We started on again, in a northerly direction, accompanied for several miles by Mr. J. W. Bryant, and reached Longmont, after a ride of thirty-five miles over miserable roads, rendered more miserable by the water that overflows them from the numerous ditches along the way. Here we found that a ride back to the southwest, to Boulder, and into the mining regions of Boulder County, would make a pleasant little side excursion, and so the next noon we rode over to Boulder, twenty miles, and stopped an hour or so at one of the sampling works. Here large quantities of ore are bought off the miners, and crushed and ground fine as flour, ready to be shipped to the smelting works at Denver and other points.
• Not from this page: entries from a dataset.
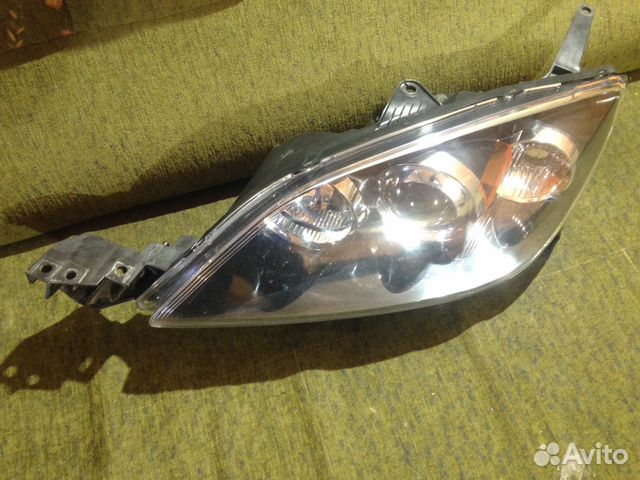 Mazda 3 фара левая хэтчбек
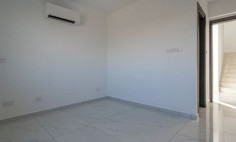 4 bedroom furnished villa with swimming pool to rent in Livadia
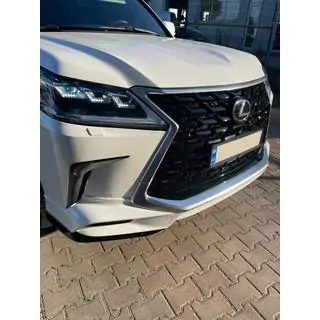 Sada bodykitu (TRD-Sport 2021-2022) fotografie 3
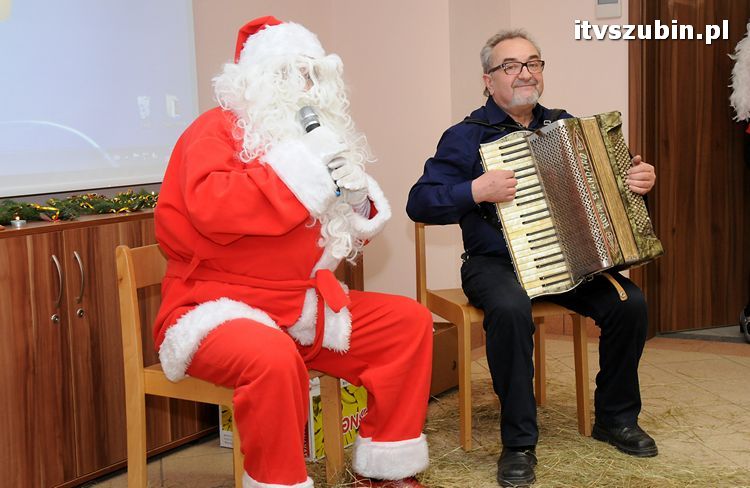 Spotkanie wigilijne w MGOPS w Szubinie dla podopiecznych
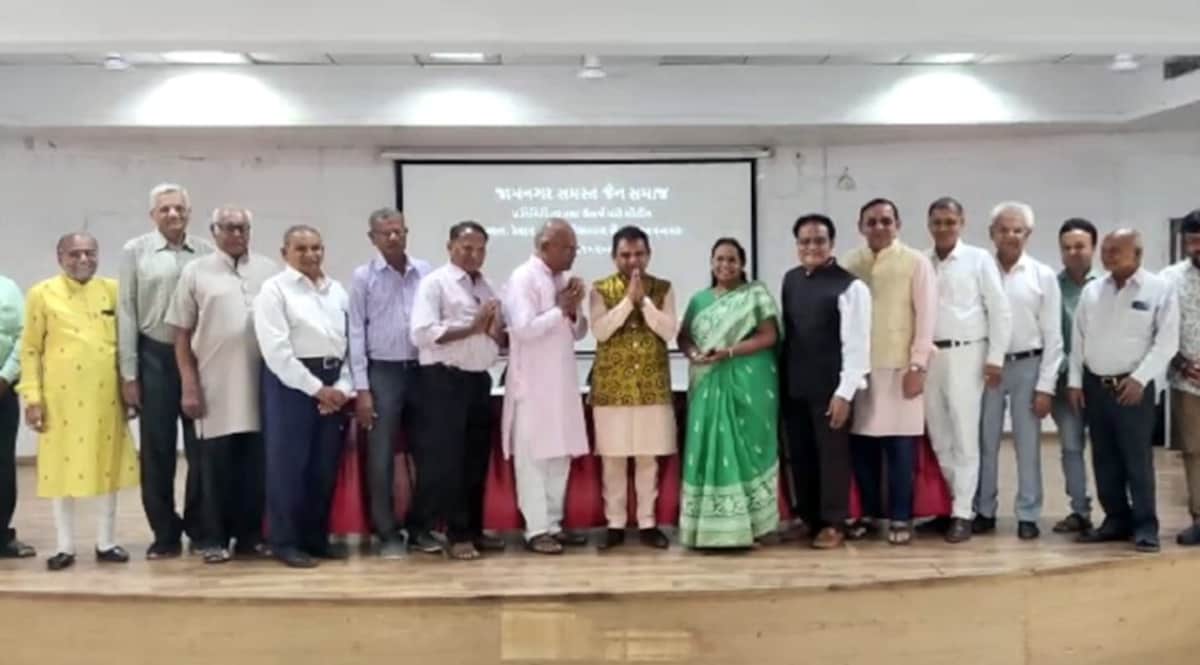 ટિકિટ મુદ્દે વધુ એક સમાજનો હુંકાર, જામનગરમાં સભા યોજી સમાજ માટે કરી ટિકિટની માગણી gujarattak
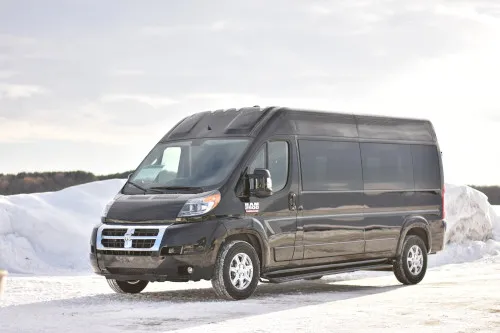 promaster_limo_small_feat5
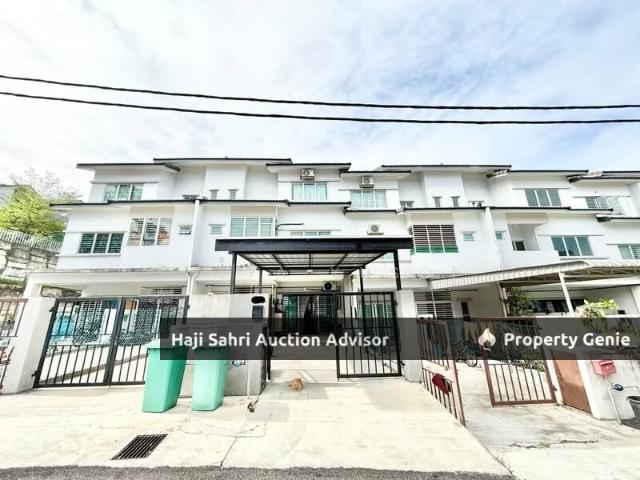 Townhouse for sale in Kajang, Langat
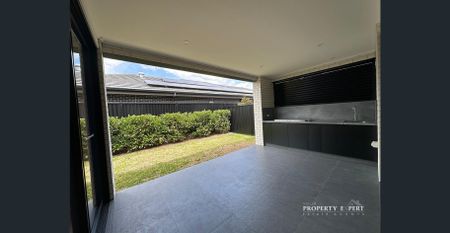 Stunning Ex-Display Home for Lease - Photo 3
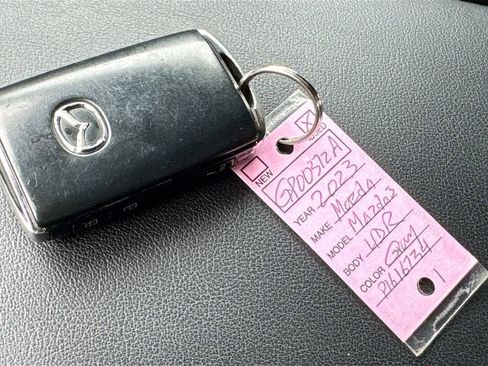 Used 2023 MAZDA MAZDA3 s image 37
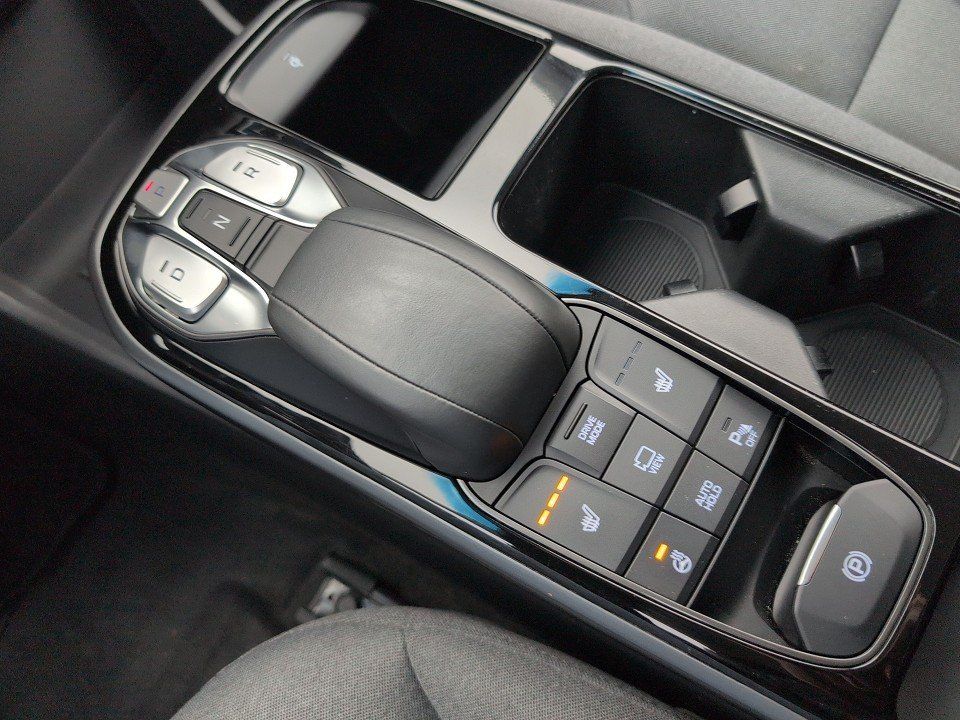 Fahrzeugabbildung Hyundai IONIQ EV STYLE GARANTIE NAV+INFINITY+CARPLAY+KAM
The process of finding the amount of gold or silver in a sample of ore is very interesting. After the ore is reduced to a fine powder, a small quantity of it, perhaps a teaspoonful, is nicely weighed out, and put into an earthern saucer, with perhaps ten times that amount of lead ore in the same powdered state. The saucer is placed in a furnace, and the lead soon absorbs the gold and silver and settles to the bottom, leaving the worthless part of the powder to rise to the top in the shape of dark-colored glass. This button of lead, with the gold and silver absorbed in it, is then placed in a little cup made of burnt bone. This cup is then placed in the furnace and the bone absorbs all the lead, leaving a speck of the precious metal about as large as the head of a small pin. The gold and silver are then separated by placing this speck in nitric acid, which absorbs the silver, and the pure gold is left in the bottom of the glass. I understand that this process, on a small scale, is practically the same as that employed at the large smelting works. In this way miners can find out at a very little expense just what their ore is worth per ton from a comparatively small sample.
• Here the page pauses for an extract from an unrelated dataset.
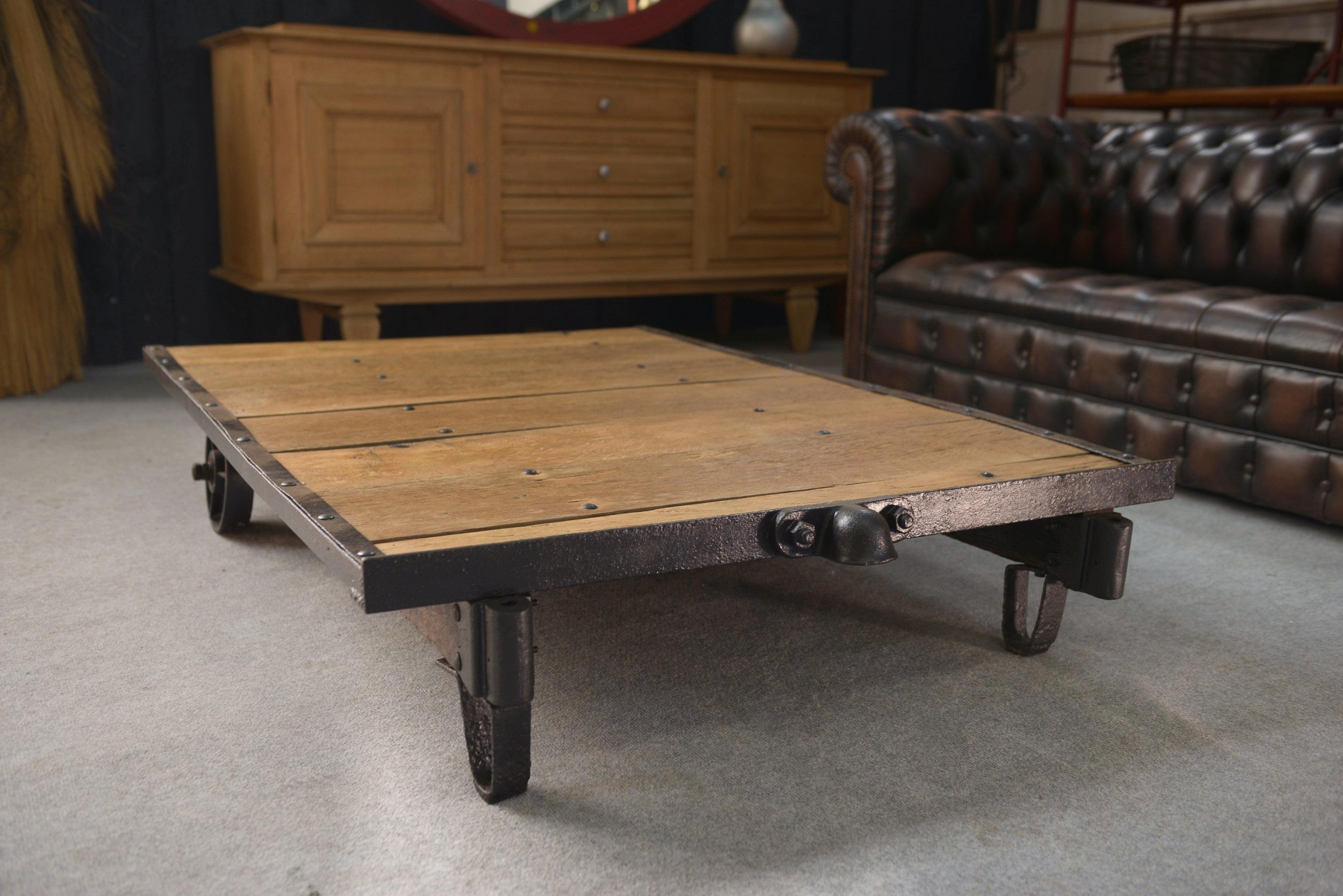 Table basse SNCF estampillée Paris en venta 7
We started up Boulder CaÑon, a gorge in the mountain that is very picturesque, but whose sides are not so perpendicular as those of Williams CaÑon at Manitou. We rode and walked up this caÑon nine miles to Salina, where we stayed at night. A large stream comes roaring down the caÑon, and the narrow gauge track of the Colorado Central Railroad goes up at a very steep grade. The course of the stream is so crooked and the caÑon so narrow, that in the nine miles there are over fifty railroad bridges. All along up the caÑon the sides of the mountain are fairly honey-combed with holes, dug during the mining excitement in 1859, and since, but now the holes, shanties, and everything about the region seems to be deserted.
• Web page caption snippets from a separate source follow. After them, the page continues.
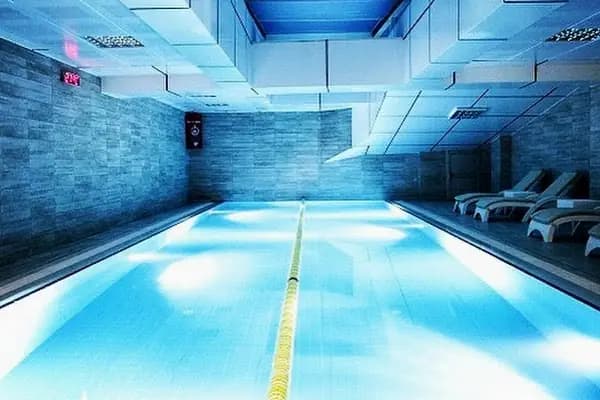 Powerfull Athletic Club - Kapalı yüzme havuzu - İstanbul Bahçelievler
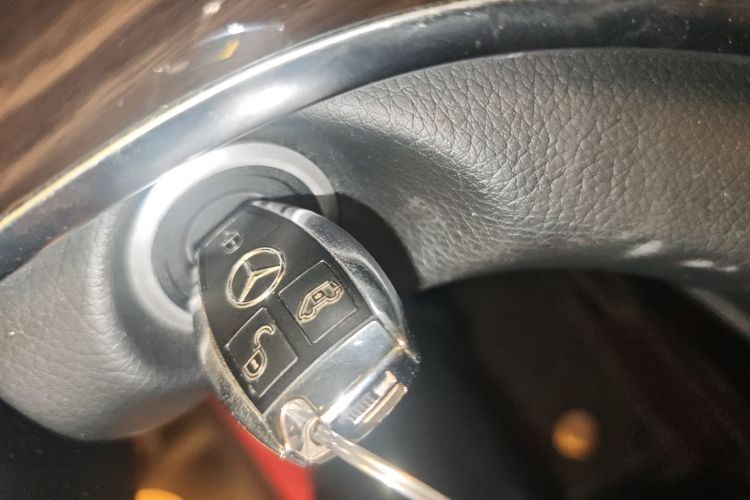 奔驰V级 2018款 V 260 领航版 国V中控内饰11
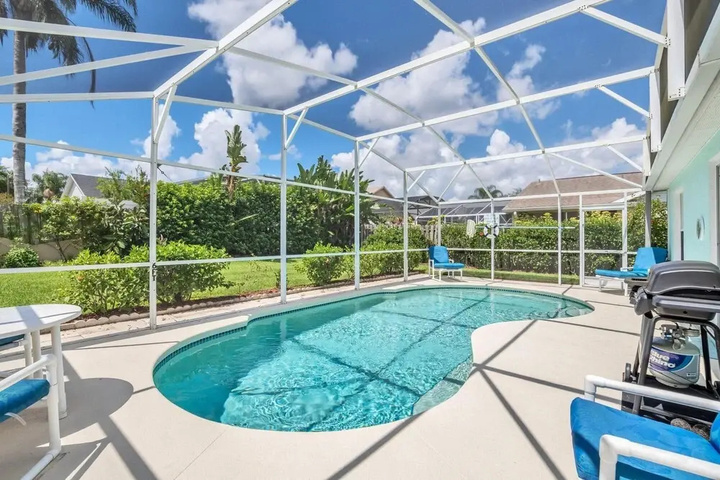 Pool 12 of 17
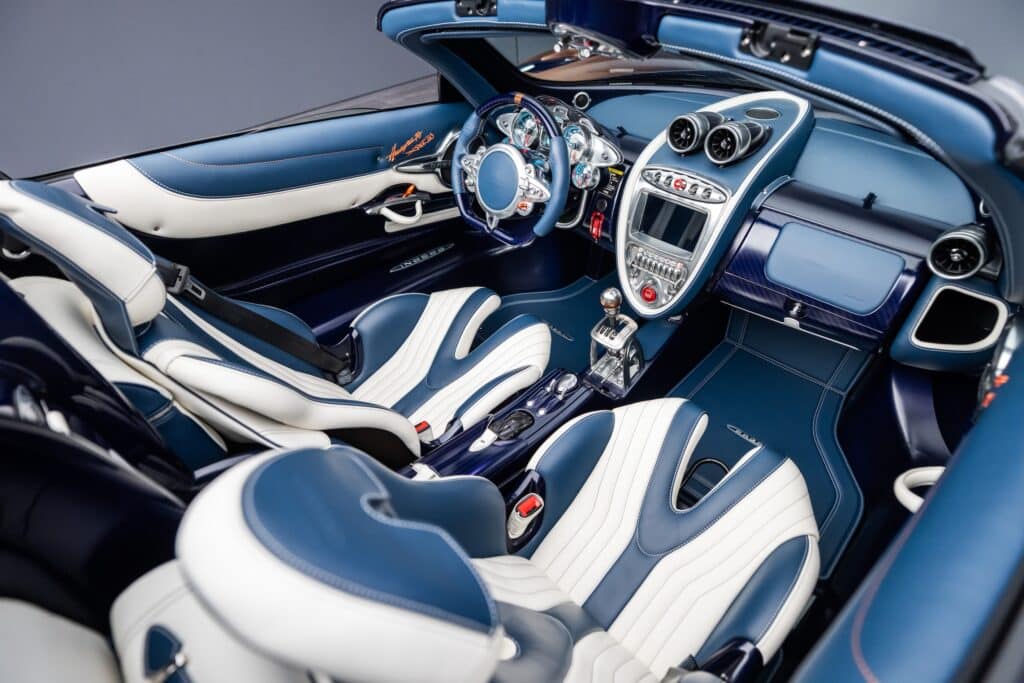 Pagani Huayra 70 Derecho interni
Salina is a genuine mining town of perhaps a hundred inhabitants, and entirely different from anything that I expected. I supposed that even now a man took his life in his hands when he visited one of these mining towns, but during the evening, and all the time we were there, the place was as quiet and peaceable as any New England town—decidedly more so than any factory village. I saw many well-dressed young ladies and gentlemen all going in one direction, and found it was the night for the temperance lodge to meet, and that the members include all but about a dozen persons in the community. During the evening two little boys at the boarding-house seemed to want to get acquainted, and so I asked one how old he was. “My brother is eight years old, and I am ten days older than he is,” he answered. How that could be the little fellow was unable to explain, and so am I.

The next morning we visited the First National Mine, which, to all outward appearances, is nothing more than a small shanty up the side of the mountain, with a heap of rocks thrown out to one side of it. Inside is a hole in the floor just large enough for a half barrel bucket to go through, and beside this hole is a trap-door just large enough to let a man’s body down. The rocks are raised by a windlass run by horse power outside.

With old coats and hats on and a lighted candle in our hands, we followed the overseer down through the trap-door. The ladders down which we climbed were straight up and down, and about all I could see as I followed the others was the light of their candles. About once in fifty feet we came to a platform and then started down another ladder. The ladders went close to one side of the shaft, which was protected with heavy timbers on the sides, and on the other side was the hole down which the bucket went, two hundred and fifteen feet, to the bottom. It was rather awkward holding on to the rounds of the ladder with a candle in one hand, but I kept a firm grip till the rounds began to get slippery from the mud and water, and then the descent was anything but pleasant. Sometimes the ladders, instead of going straight down, leaned over from the top a little, and then it was hard work to keep my feet from slipping off. It was so dark in there I could only see the black bucket hole on one side and the two lighted candles beneath me, and how far down a fellow would go, should his hands or feet slip off the slimy rounds, I had no idea; only I know every nerve in my body was strung up and every muscle was hard.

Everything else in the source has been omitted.